DATA TO USE:

↓↓↓

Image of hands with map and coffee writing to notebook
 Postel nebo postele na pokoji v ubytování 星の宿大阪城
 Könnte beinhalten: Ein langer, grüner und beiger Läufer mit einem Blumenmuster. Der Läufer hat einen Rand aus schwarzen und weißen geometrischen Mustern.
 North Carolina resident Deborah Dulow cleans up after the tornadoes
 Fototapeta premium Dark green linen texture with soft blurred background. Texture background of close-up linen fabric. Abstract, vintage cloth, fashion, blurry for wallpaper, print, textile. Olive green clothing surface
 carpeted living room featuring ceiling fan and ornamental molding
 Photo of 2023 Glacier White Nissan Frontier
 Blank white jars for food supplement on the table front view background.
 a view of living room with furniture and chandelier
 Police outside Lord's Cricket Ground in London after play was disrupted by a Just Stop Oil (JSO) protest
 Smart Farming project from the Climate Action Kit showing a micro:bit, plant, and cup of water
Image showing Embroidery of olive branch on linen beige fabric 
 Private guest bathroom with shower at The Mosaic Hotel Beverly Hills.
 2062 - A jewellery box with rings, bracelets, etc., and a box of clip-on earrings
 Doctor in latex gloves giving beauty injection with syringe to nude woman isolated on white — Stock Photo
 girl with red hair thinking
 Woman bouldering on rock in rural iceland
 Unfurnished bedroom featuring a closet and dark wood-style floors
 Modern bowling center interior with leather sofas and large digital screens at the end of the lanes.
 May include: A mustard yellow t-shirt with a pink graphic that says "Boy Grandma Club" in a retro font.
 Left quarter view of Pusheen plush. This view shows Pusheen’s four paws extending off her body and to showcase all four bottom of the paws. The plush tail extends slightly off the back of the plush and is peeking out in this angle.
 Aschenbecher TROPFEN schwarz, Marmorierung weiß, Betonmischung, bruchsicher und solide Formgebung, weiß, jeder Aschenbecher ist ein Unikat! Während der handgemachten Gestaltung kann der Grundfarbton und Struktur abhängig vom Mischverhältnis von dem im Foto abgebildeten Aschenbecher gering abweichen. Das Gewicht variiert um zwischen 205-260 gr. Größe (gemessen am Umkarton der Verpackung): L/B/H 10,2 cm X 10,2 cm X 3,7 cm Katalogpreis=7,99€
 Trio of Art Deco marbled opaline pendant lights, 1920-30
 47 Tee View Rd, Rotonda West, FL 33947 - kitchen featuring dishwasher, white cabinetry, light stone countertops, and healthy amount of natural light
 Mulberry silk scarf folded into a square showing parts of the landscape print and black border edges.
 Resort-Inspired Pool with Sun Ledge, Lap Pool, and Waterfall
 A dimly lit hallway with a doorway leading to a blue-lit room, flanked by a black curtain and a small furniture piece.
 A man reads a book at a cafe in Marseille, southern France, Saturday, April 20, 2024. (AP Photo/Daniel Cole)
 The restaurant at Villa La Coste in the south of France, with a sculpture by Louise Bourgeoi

↑↑↑

HOW TO COMPLETE THIS TASK:
Nothing but the lines above from the one containing "Trio of Art" through the one containing "Mulberry silk scarf" should appear in the answer, each repeated exactly.

ANSWER SPACE:
 Trio of Art Deco marbled opaline pendant lights, 1920-30
 47 Tee View Rd, Rotonda West, FL 33947 - kitchen featuring dishwasher, white cabinetry, light stone countertops, and healthy amount of natural light
 Mulberry silk scarf folded into a square showing parts of the landscape print and black border edges.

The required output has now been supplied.